21st Feb2010

Social Media Sticky Behaviors – Google & Facebook

by Dorothy

One of the great things about digital is that it really helps to crystallize certain behaviors. This means visible, predictive intelligence online. One of the most sticky platforms still remains the ubiquitous Facebook, while Google is practically synonymous with search. While they both started off as very distinct entities, it seems that FB has evolved enough to actually start moving into the Search space.

Games

Ever contemplate disabling or deactivating your Facebook account? You know what is top of mind of users when they worry aloud in the FAQ section of FB about losing their data from Farmville (or any other FB game, really!). This, instead of losing all their friends and contacts. This was a few months ago, when Farmville concerns were right at the top of the discussion topics.

It will be interesting when the games and virtual goods segment in FB grows. The question then is how this will translate in markets like South Korea, where there is an entire virtual economy flourishing. It is also a market where other global players such as Myspace, Youtube and even Google have either had to bow out or simply be content with a smaller pie of the market share. Will FB finally have enough clout to go against the likes of Cyworld?

Another question is what happens when (and if?) app revenues surpass that of Facebook?

Zynga (creator of Farmville, Mafia Wars and etc) which has 230 million monthly active users was reported to have revenues of $200 million in 2009. The WSJ says Facebook revenues could hit $710 million in 2010, so there’s still some distance between the two figures. Still, if a fair percentage of return visits are due to the addictive FB games, it remains to be seen if the gap will narrow.

Facebook: Your One stop Internet Destination

You’ve seen the stats. Early 2009, Zuckerberg quipped the most overused quotable line about how “If Facebook were a country, it would be the eighth most populated in the world, just ahead of Japan, Russia and Nigeria.”

Then, he was talking about 150 million people. It is now 2010. Techcrunch reports that Facebook now has something along the lines of about 350 million registered users, with over 175 million of them logging in daily.

That’s a whole lot of visits, a whole lot of eyeballs, a whole lot of power.

Enough power to simply change the FB layout AGAIN without word or warning. I hated it, but have since gotten used to it, since there wasn’t anything much I could really do about it (deja vu?). Everyone seems to have gotten used to the fact that we are all experimental guinea pigs, sigh and get on with our lives. And we  still keep going back to the site.
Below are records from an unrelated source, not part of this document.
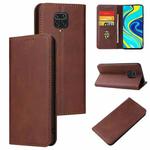 For Xiaomi Redmi Note 9 Pro Calf Texture Magnetic Horizontal Flip Leather Case with Holder & Card Slots & Wallet(Brown)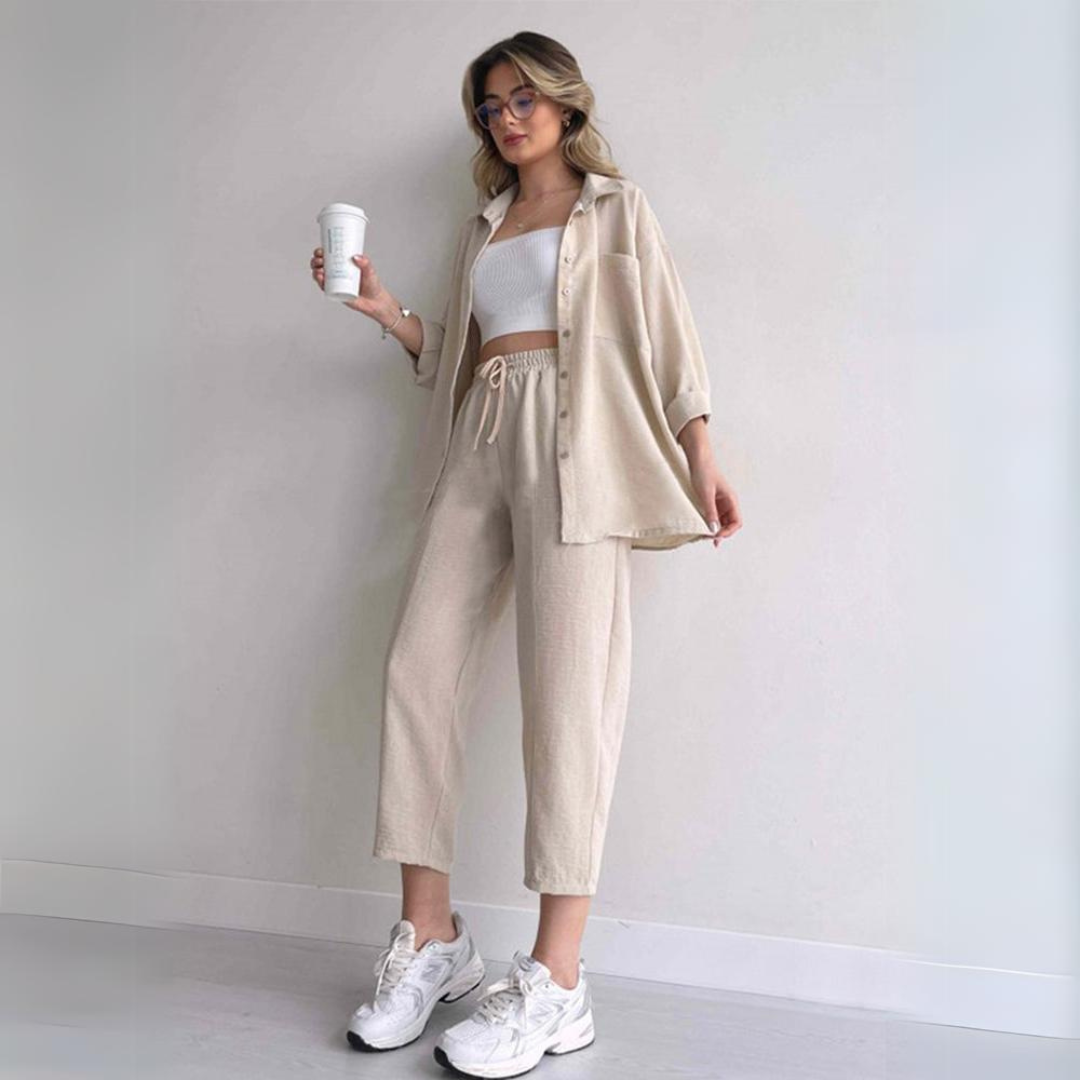 Light women's linen two-piece – Camille-Beige-S-The Livary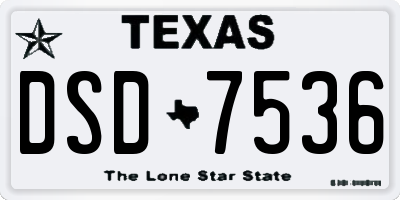TX license plate DSD7536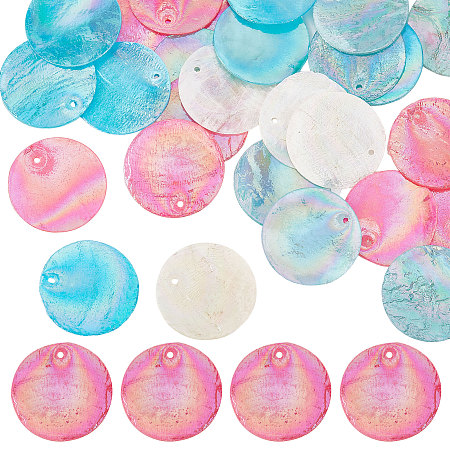 SUNNYCLUE 40Pcs 4 Colors AB Color Plated Natural Capiz Shell Pendants, Dyed, Flat Round Charm, Mixed Color, 24~25x1~2mm, Hole: 1.5mm, 10pcs/color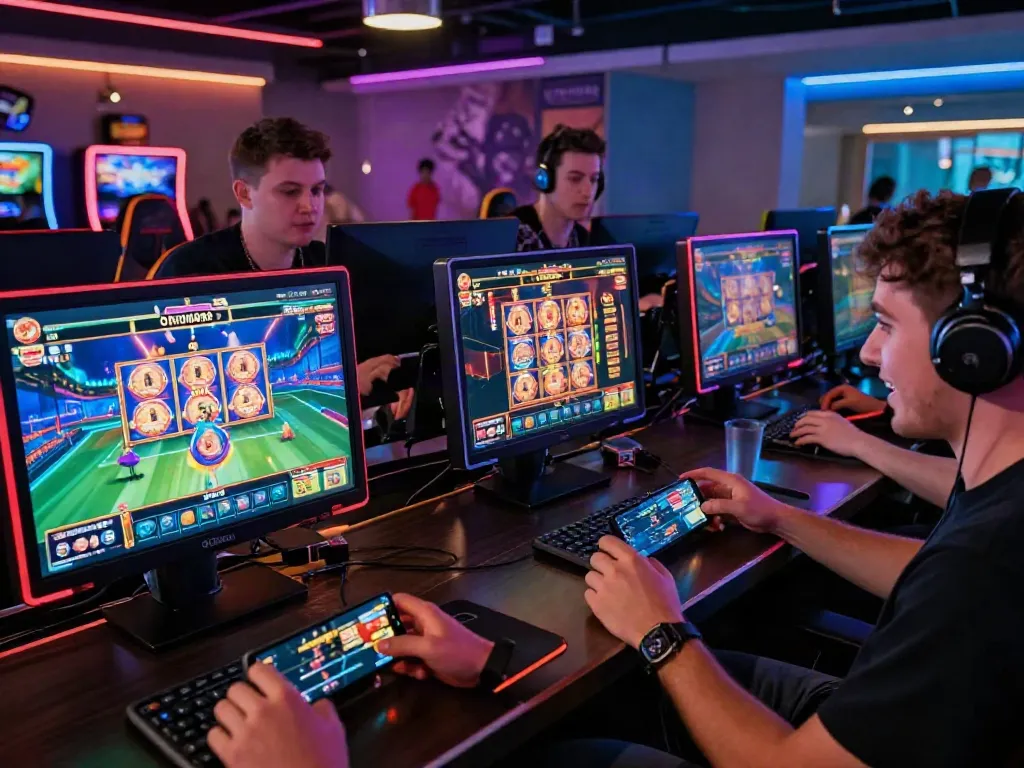 Players enjoying ORION88 APK competitive gaming on mobile devices with excitement in a modern lounge.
And now, FB has its sights on Google, who apparently has 800 million visitors.

“According to Web measurement firm Compete Inc., Facebook has passed search-engine giant Google to become the top source for traffic to major portals like Yahoo and MSN, and is among the leaders for other types of sites.” – Source: SF Gate

You can also read more about how FB could kill Google here. The gist is that FB and Google are complementary for now (since FB is leading all those eyeballs to Google), at least, until unique visits for FB surpass that of Google. Microsoft last cut a (non exclusive)deal with FB in the last quarter of 2009 to include real time search results from status updates, but it remains unclear where FB may run with the search pie.

What are these sites to you?

Interestingly, at least for now, Google seems to resonate more with users in terms of the serious stuff – maps, translators, finance info, useful software like chrome/earth.. versus more of a slant towards entertainment and games on Facebook.

Many people still use the Google search bar as a place to type in URLs like Facebook.com (for reasons I can never fathom.. why they can’t type it directly into the actual URL bar is beyond me).

These results below do feature a bit on the importance of mobile as well – with the mobile related and FB lite mentions.

I’m still curious as to how all this will play out and how people will respond to all/any of these changes online… What will keep people coming back for repeat visits?  Also,  with all the talk on privacy and merging of identities on various platforms,  something to explore in future posts!

5 Responses to “Social Media Sticky Behaviors – Google & Facebook”

  • Just wanted to comment on the “entering search term instead of URL” part. Like “Facebook login” is the top related search for Facebook and I never get why people would search that!

    I even blogged about that sometime back and people actually reached my site searching for “Facebook login” – what’s up with that?!?!

  • Sometimes end up typing URLs into search bars on mobile devices where the distinction between the search bar and the web address bar aren’t present. I’m not sure if anyone else has the same issue.

  • @Daryl: beats me! why pple would search “Facebook search” is also odd because none of the results that come back are particularly useful ( to me at least)

    @Cullen: mmm i think some mobile devices won’t work like actual browsers, aka if you type in a search term in the url bar, it won’t work. (it really should though,would help loads)

  • I don’t think Google will go down to FB that easily. Alot of IM out there (including me) are still depending on Google to drive traffic and learning to pacify their search engine.